Hier finden wir ein verbindendes Glied zur Malerei von Marianne
Gielen. Auch hier ist die Landschaft ein subjektiver
Wahrnehmungsraum, und gleichzeitig Erinnerungsfeld für Erlebtes.
Gleichzeitig aber erfasst Marianne Gielen in ihren Arbeiten, vor
allem in der Serie „Trügerische Idylle“ die Einnahme der Natur
durch den Menschen – welchen Konflikt auch Birgit Borggrebe
aufzeigt.
In Marianne Gielens Bildern sehen wir auf den ersten Blick ein
Chaos aus heftig aufgetragenen Strichen, gestische Malerei als
gleichzeitiges Ausdrucksmittel von Inhalt und eigener
Bezugssetzung. Die Präsenz der Malerin ist unwiderruflich
eingeschrieben in die erinnerte Landschaft. Aber in dem Chaos
und Dickicht lauert noch etwas Anderes.
Neben der Glienicker Brücke lebend war ihr die umgebende Natur
schon immer Symbol für Schönheit aber auch Bedrohung. Was liegt
in diesen Seen, in den Büschen und Gestrüppen rund herum? Minen?

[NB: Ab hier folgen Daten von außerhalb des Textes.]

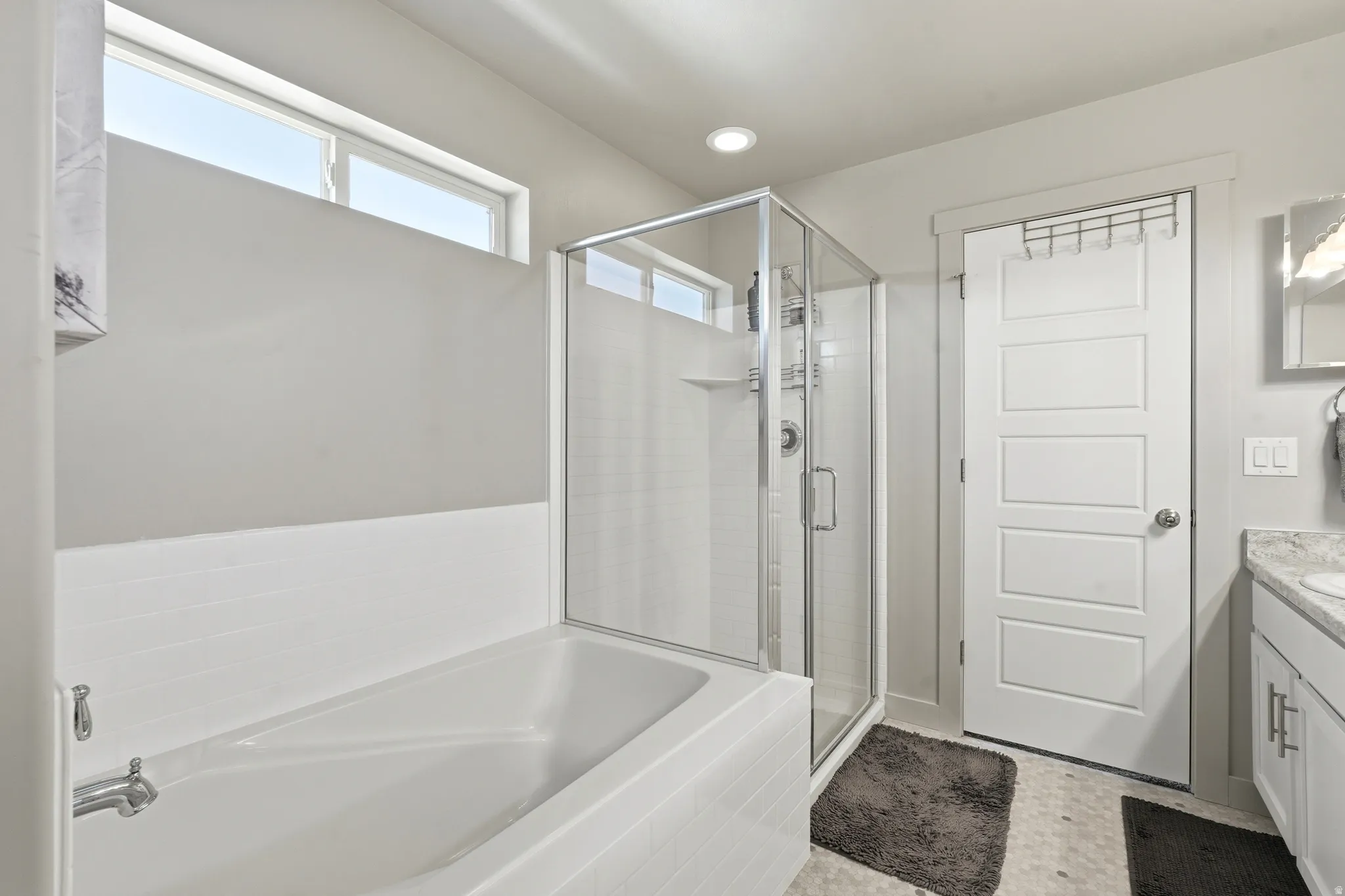 Bathroom featuring a white soaking tub, glass-enclosed shower, transom window, and a paneled door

Stacheldraht? Liegt hier die Freiheit oder der Tod? Oder bloß
ein Nest mit Entenbabys? Wir bewegen uns in einem Feld, das der
Maler ARMANDO die Frage nach der „schuldigen Landschaft“ genannt
hat. Die Landschaft als Zeuge, als Kulisse für moralisch
Fragwürdiges. Ein ganzes Leben in der Umgebung der Glienicker
Brücke hat Marianne geprägt und zu vielen Fragen geführt, die
sie mittels der Malerei versucht aufzulösen. Auffällig ist für
mich – stets finden wir in Ihren Landschaften Lichtungen: Orte
der Freiheit? Ein Ziel?
Mir persönlich erscheint vielmehr, als sei auch die Farbe nicht
aufgetragen, das Bild nicht gestisch und heftig gemalt wie bei
den Vertretern des Abstrakten Expressionismus, sondern als habe
Marianne Gielen gesucht. Es ist eher ein Kratzen, ein
Vordringen, ein Versuch des Durchdringens dieser verhüllten und
unklaren umgebenden Natur und ihrer Zeugenschaft. Malerei als
Freilegen. Als Weg zu Erkenntnis und vielleicht auch Ruhe.
In schöner Antipose stehen sich hier diese Zugänge gegenüber.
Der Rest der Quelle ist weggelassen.